— Task details —
For each entry, output its words exactly and leave any picture behind.

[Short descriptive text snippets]
******************************

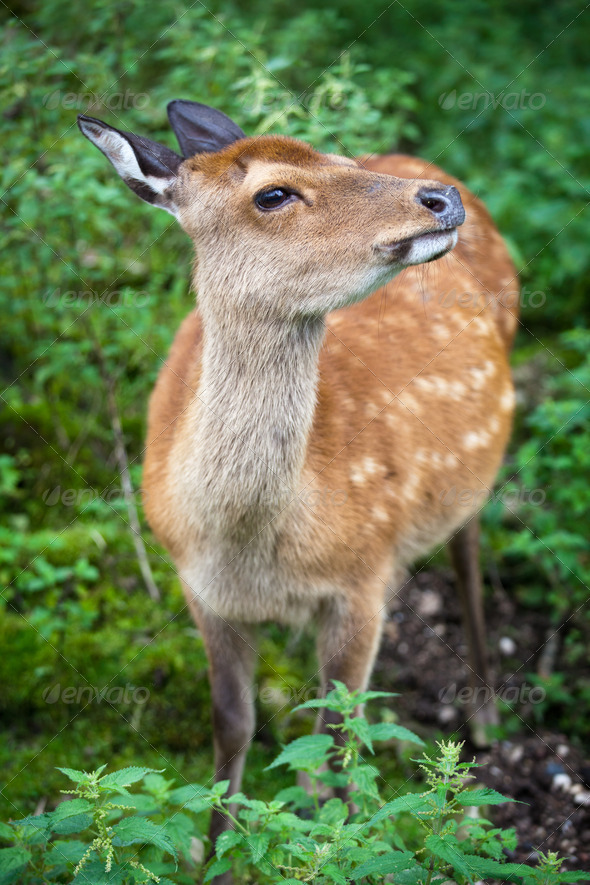 sika deer (lat. Cervus nippon) doe - Stock Photo - Images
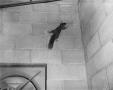 Photograph: [Squirrel on the ceiling photo]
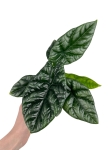 Alocasia sinuata - L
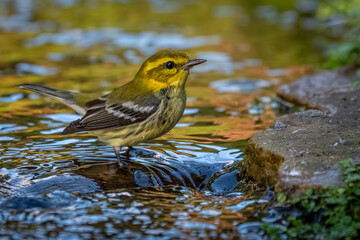 A male black-throated green warbler perched near a mountain stream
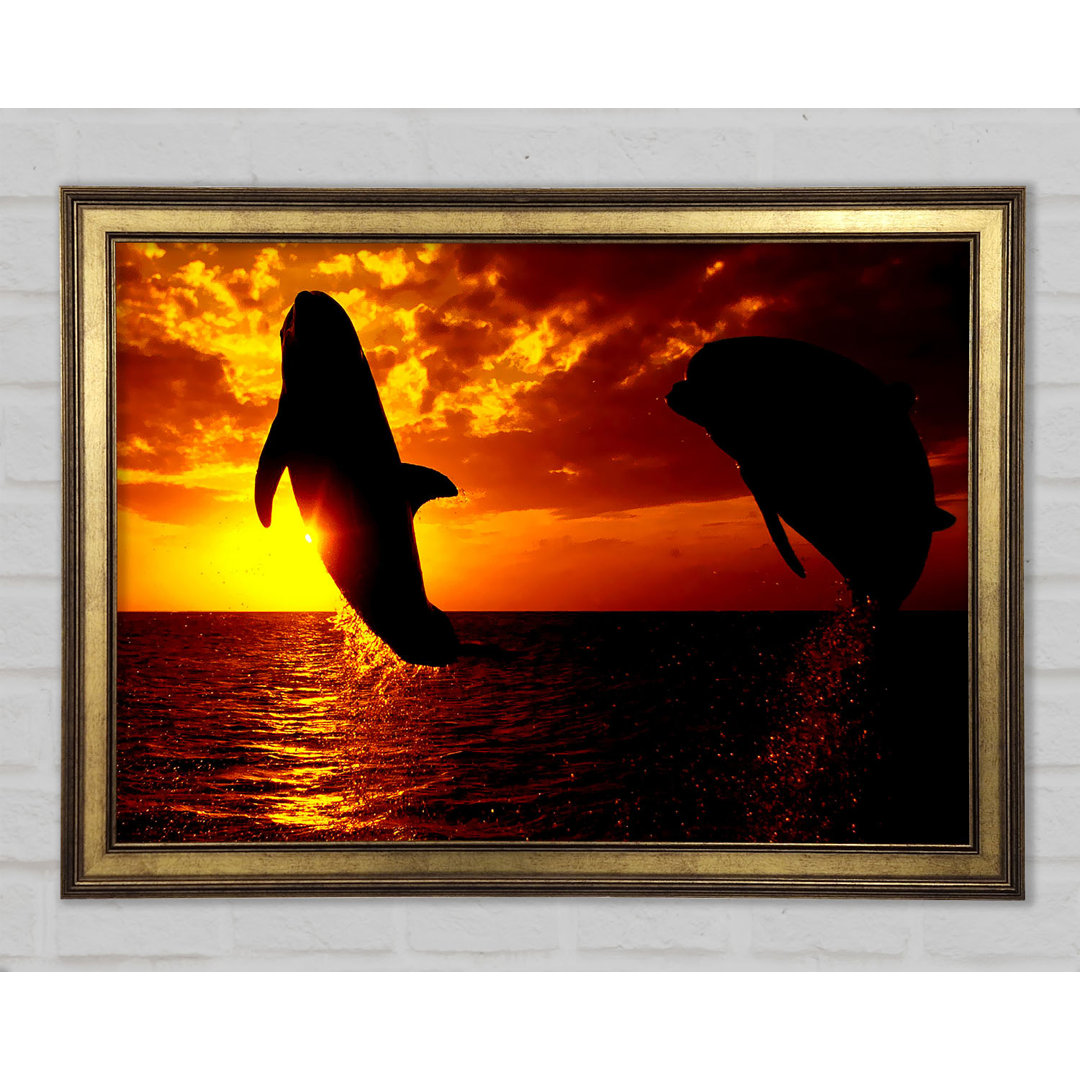 Gerahmter Fotodruck Dolphins Sunglow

******************************

— Task solution —
 sika deer (lat. Cervus nippon) doe - Stock Photo - Images
 Photograph: [Squirrel on the ceiling photo]
 Alocasia sinuata - L
 A male black-throated green warbler perched near a mountain stream
 Gerahmter Fotodruck Dolphins Sunglow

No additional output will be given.